* Records provided:
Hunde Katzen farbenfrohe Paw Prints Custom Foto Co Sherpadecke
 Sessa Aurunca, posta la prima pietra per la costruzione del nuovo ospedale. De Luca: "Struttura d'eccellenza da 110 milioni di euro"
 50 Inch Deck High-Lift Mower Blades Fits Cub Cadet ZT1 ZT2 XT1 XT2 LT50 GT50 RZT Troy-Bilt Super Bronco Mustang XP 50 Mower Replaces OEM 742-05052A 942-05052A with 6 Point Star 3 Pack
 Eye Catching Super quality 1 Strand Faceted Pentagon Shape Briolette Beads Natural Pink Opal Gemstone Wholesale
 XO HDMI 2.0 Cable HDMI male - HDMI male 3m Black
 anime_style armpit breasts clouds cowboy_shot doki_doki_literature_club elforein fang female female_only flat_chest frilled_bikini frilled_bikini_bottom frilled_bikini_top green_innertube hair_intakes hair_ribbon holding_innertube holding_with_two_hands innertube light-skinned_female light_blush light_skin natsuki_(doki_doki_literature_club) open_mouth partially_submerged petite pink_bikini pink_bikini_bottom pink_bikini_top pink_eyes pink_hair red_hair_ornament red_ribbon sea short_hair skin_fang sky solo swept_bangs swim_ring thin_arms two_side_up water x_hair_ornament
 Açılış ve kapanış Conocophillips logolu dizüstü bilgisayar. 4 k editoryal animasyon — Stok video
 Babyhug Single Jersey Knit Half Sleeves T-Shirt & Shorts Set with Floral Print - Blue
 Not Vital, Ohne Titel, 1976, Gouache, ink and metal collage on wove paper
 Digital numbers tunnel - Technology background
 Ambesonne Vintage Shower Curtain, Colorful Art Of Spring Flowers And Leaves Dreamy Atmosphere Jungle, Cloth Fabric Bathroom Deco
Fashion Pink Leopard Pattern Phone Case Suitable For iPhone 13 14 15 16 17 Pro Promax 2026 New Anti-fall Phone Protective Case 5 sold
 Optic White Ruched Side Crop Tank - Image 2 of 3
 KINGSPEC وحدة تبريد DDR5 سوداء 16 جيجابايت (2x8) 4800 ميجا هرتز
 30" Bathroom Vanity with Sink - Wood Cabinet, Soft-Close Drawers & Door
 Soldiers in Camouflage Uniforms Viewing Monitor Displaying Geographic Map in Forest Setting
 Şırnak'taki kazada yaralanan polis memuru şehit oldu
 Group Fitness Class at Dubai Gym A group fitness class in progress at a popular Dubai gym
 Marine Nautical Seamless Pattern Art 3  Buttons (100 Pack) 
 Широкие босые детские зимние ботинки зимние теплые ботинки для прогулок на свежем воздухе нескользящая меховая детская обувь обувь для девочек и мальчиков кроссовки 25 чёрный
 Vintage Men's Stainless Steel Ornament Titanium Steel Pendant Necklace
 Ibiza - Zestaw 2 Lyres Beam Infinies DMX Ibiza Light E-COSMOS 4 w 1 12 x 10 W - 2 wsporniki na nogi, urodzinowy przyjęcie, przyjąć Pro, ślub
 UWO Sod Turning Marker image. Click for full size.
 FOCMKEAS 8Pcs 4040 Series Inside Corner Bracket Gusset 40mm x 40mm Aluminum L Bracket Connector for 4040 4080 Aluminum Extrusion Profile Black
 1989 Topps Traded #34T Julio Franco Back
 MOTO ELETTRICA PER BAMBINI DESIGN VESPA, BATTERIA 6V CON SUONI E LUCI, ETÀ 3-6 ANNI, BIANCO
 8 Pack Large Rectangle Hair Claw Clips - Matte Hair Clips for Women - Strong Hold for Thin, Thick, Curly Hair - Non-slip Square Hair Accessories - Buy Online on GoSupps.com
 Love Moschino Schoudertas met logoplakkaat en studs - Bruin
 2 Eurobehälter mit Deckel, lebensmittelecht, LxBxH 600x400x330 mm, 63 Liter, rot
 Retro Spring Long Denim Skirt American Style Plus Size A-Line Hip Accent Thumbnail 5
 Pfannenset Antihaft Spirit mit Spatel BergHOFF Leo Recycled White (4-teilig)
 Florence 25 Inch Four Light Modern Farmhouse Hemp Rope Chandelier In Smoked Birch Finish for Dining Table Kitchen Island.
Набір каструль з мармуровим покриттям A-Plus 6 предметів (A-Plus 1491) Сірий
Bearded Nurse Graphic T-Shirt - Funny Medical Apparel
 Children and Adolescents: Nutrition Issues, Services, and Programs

* What the exercise asks: All lines in the records with the string "Plus" should be copied out.

* Solution for this problem:
 Retro Spring Long Denim Skirt American Style Plus Size A-Line Hip Accent Thumbnail 5
Набір каструль з мармуровим покриттям A-Plus 6 предметів (A-Plus 1491) Сірий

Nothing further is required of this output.